Fall is fully committed now (hello wind storm!), and it’s going to look this way for awhile. Only, you know, darker.

Storyville Coffee

You can whine, white-knuckle it till May—or lean in by hanging out in spots whose charms shine brighter against the damp and the dark. Think Pike Place Market’s Storyville Coffee, which glows like amber in an upper aerie of the Corner Market, and crafts a masterful espresso drink. Sticky cinnamon buns and egg sandwiches on pretzel rolls don’t hurt, and it seems they’re always passing around a tray of some gratis fresh-baked something. Sit by the fire, sit by the demilune windows…it’s all warm in here.

A La Mode Pies

In West Seattle, the newest outpost of Phinney Ridge’s stunning A La Mode Pies features a lineup of counter-stool seats facing the Alaska part of the California-Alaska junction. It doesn’t sound particularly cozy until you’re in there, forking into an impossibly delicious slice of chocolate caramel pecan, French apple, Mexican chocolate, or any one of its many other variants of pie.  The headliner in this new branch is its ice cream—which they make into, yes, boozy milkshakes—but then there's a slice of warmed leek-gruyere tart, and it reminds us that pastry crust is what these folks do better than anyone else in town.
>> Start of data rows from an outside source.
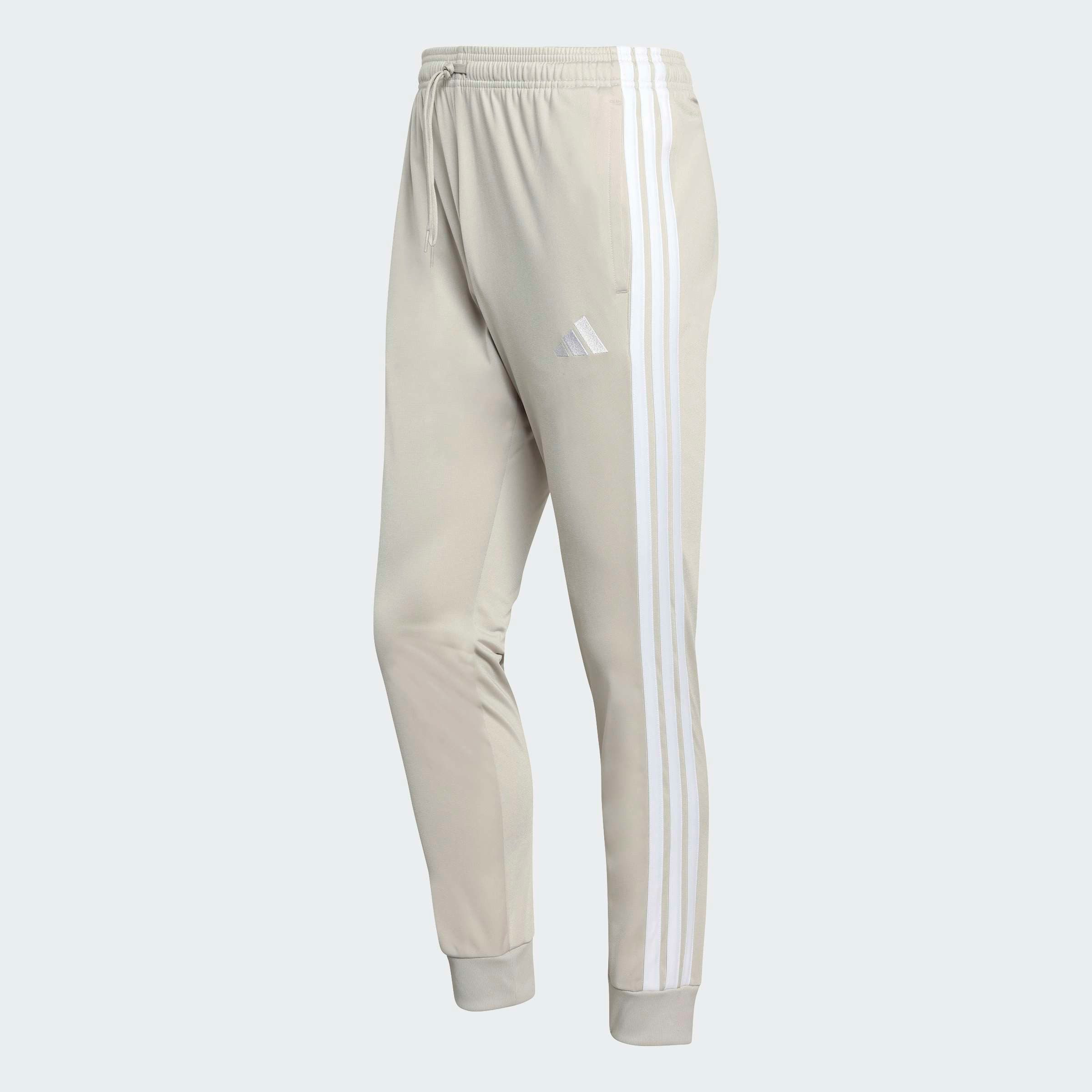 Sporthose DAYREADY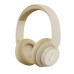 boAt Rockerz 450 Pro Wireless Bluetooth Headphone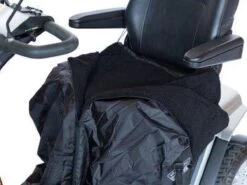 Scootmobiel Voetenzak XL Met Warme Voering -Winkel voor babyproducten 1200x900 81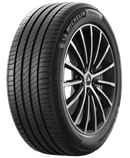 Michelin Primacy 4 215/55 R18 99 V XL, VOL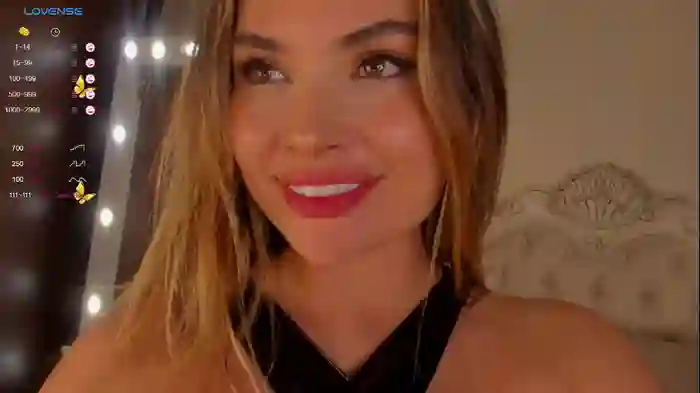 ana_carrera1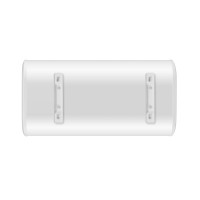 Водонагреватель Electrolux EWH 80 Citadel H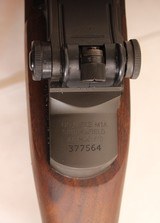 BRAND NEW Springfield Armory Super Match - 10 of 10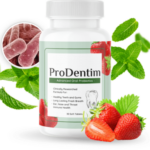 Foto del perfil de Prodentim Offer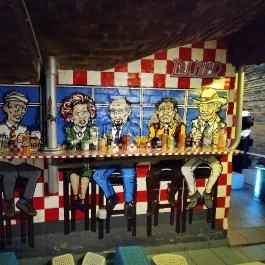 Flippermúzeum Budapest - Egyéb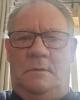 Tony is single in Clyde River, NS CAN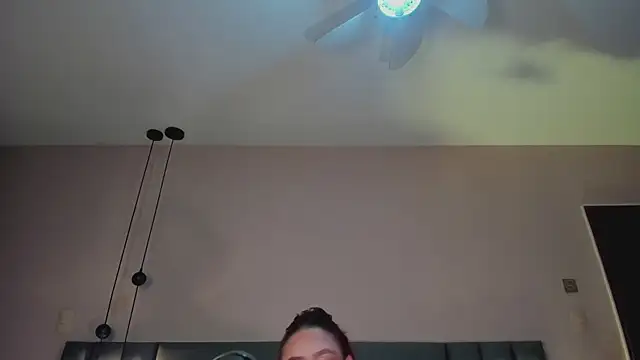 JupiteFox online show from 07.02.26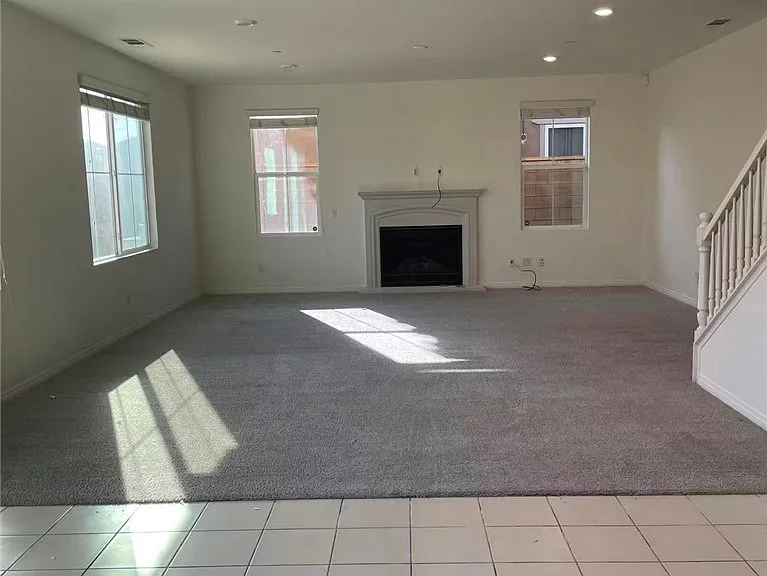 13245 Winslow Dr — Photo 4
Whether it’s sweet or savory on that crust…you can’t go wrong, especially here in the height of pie season.  

Bottlehouse

For an afternoon go-to, when storms are flinging themselves against the windowpanes, there's Madrona’s cozy Bottlehouse, a house wine-bar-slash-tasting-room for smartly curated wines, microbrews, and ciders, hard or otherwise. At opening time when happy hour is just starting but nobody’s there yet, have your pick of tables from the high-tabled front parlor to the semi-private back room. The dappled side patio that will make such a welcome stage set of springtime is all closed off now, but still looks good through the windows, whose ledges these careful staffers adorn with winter stems in a wine bottle, perhaps, or a clutch of votives. They apply the same care to the cheese plate, whose characteristics they explain tableside, and to the cider, which they will serve plain or spiked in a warming mug.

The prospect of the gray rainy afternoons to come, suddenly, are a lot less bad. Dare we say, they're good.